= ACTIVITY =
Your output should be exactly the lines from the one containing "Foto del edificio - 7627 Woodbine Ln" through the last line of the listing, and nothing else. Pictures stay out.

= DATA FOR THIS TASK =
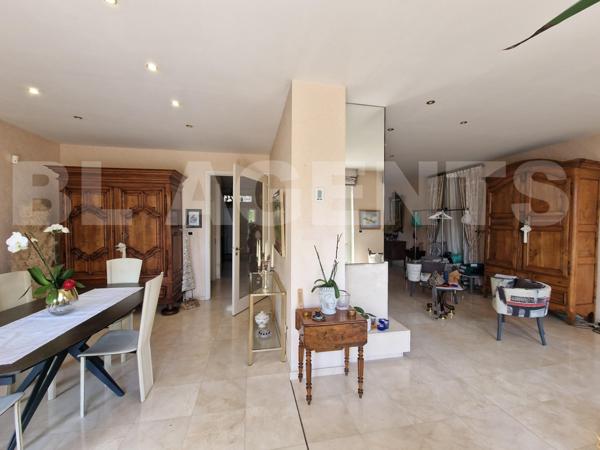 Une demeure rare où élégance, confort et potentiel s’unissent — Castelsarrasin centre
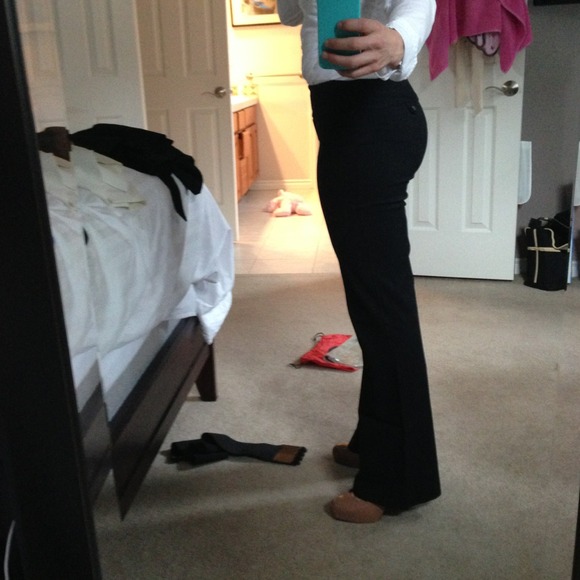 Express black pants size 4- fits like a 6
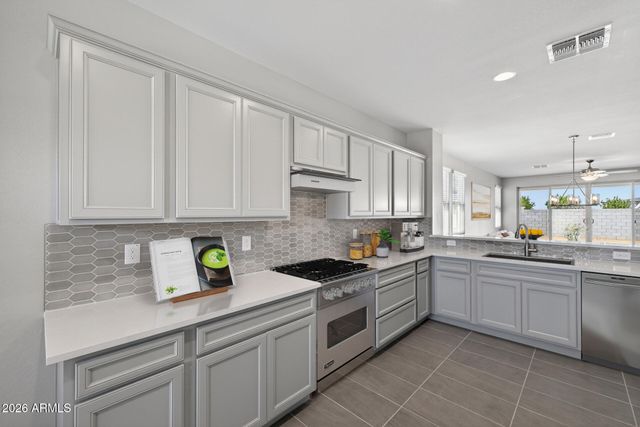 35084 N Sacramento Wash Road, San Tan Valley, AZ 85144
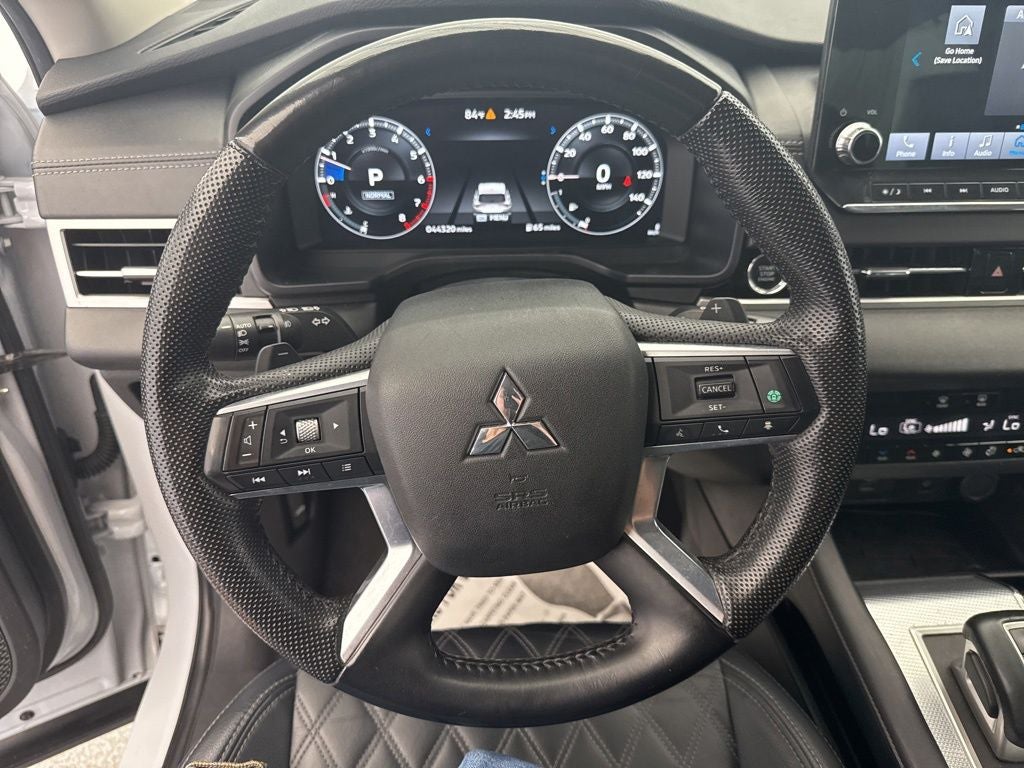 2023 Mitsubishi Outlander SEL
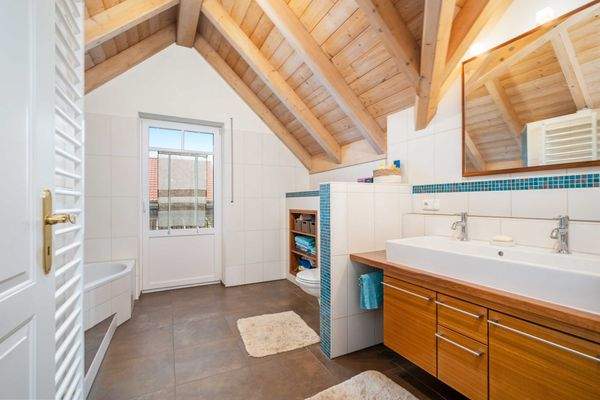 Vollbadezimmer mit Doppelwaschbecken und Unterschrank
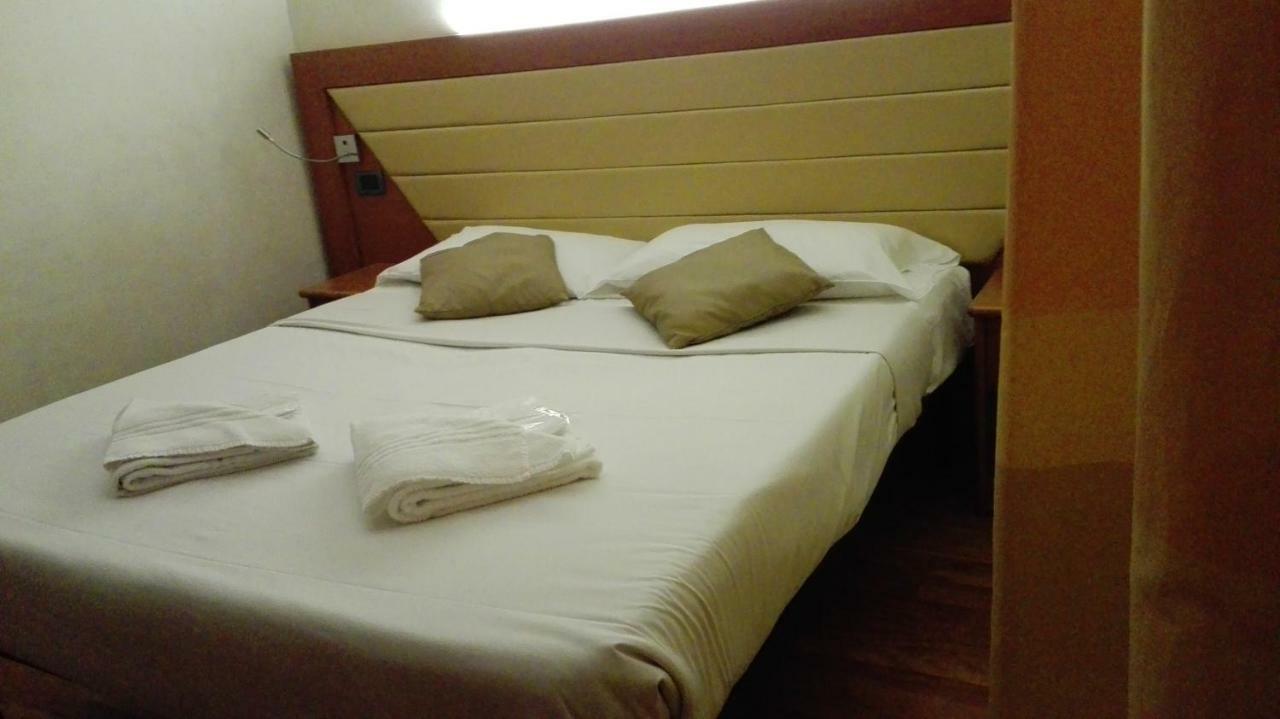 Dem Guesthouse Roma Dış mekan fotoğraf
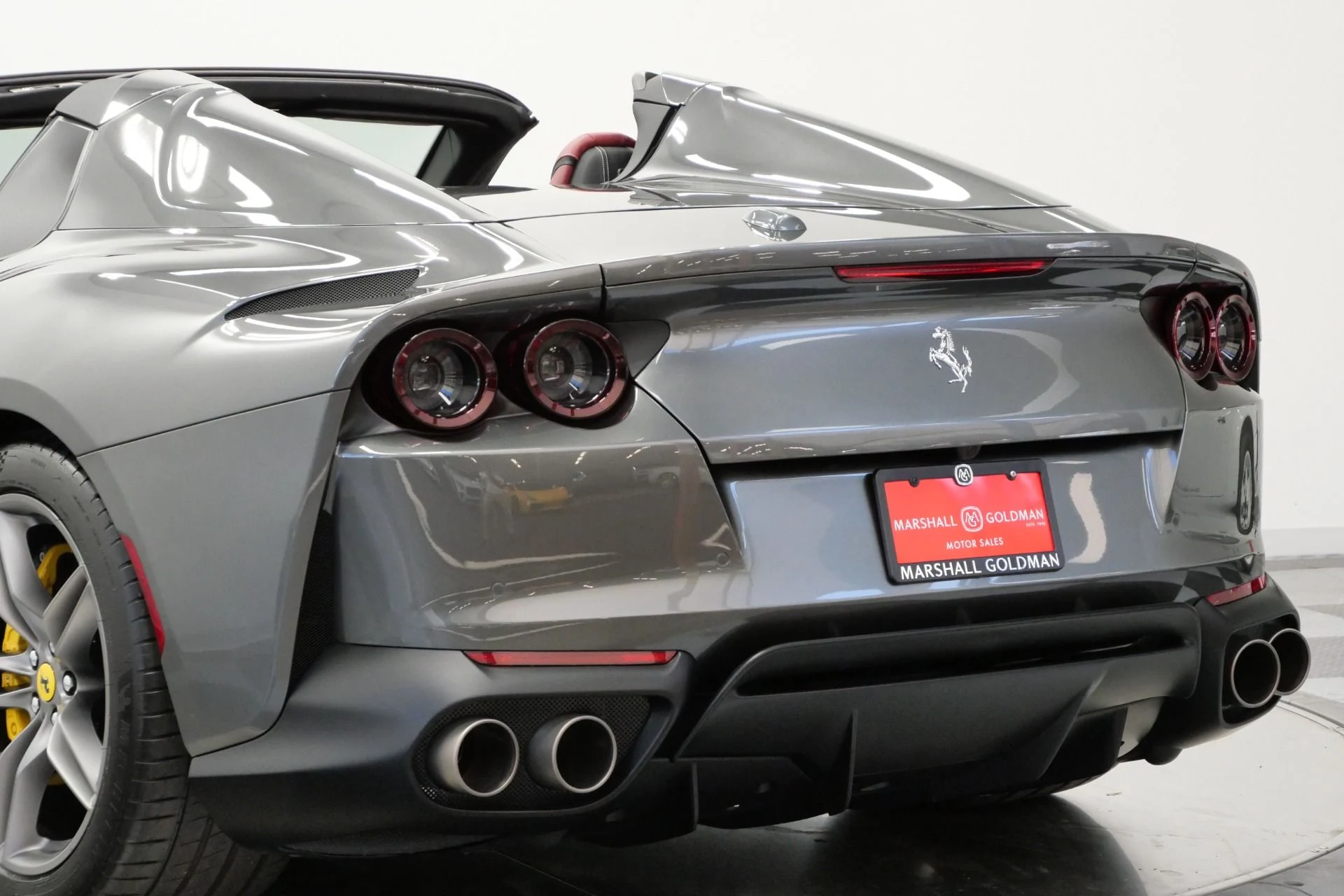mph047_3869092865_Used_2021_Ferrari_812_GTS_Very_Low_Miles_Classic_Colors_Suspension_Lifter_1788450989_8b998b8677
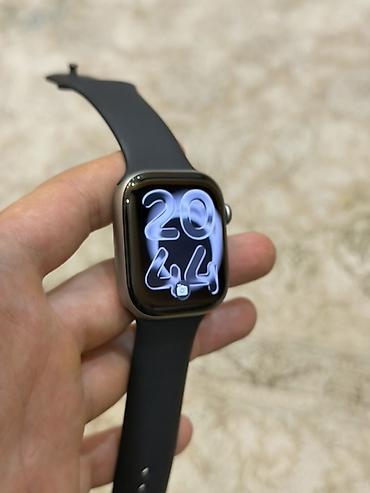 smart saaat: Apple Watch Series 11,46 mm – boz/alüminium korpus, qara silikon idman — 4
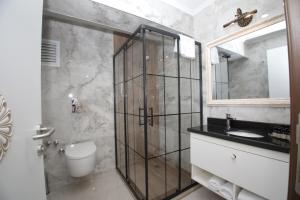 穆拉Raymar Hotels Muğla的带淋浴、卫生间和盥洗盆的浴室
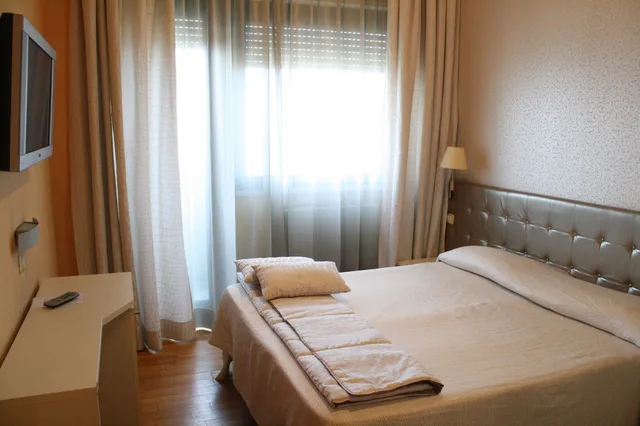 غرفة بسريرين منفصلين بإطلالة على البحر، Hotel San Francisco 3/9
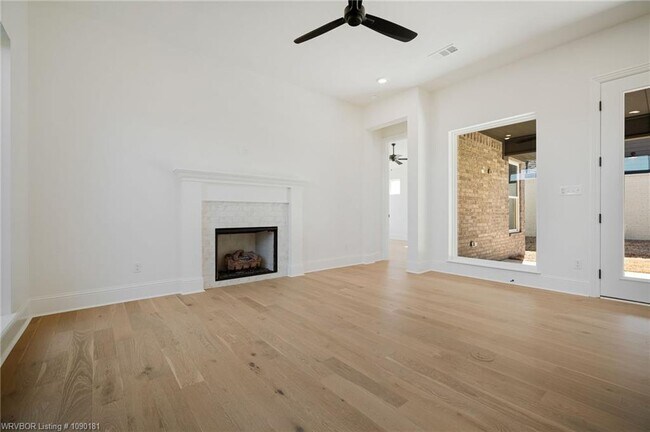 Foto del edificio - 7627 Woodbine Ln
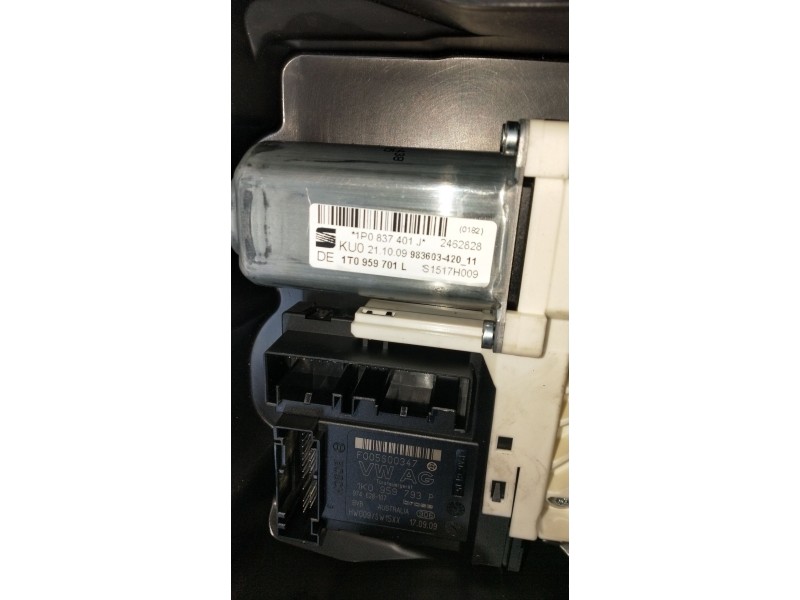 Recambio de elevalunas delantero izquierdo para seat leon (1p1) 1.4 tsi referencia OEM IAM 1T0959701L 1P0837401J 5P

= RESULT FOR THIS TASK =
 Foto del edificio - 7627 Woodbine Ln
 Recambio de elevalunas delantero izquierdo para seat leon (1p1) 1.4 tsi referencia OEM IAM 1T0959701L 1P0837401J 5P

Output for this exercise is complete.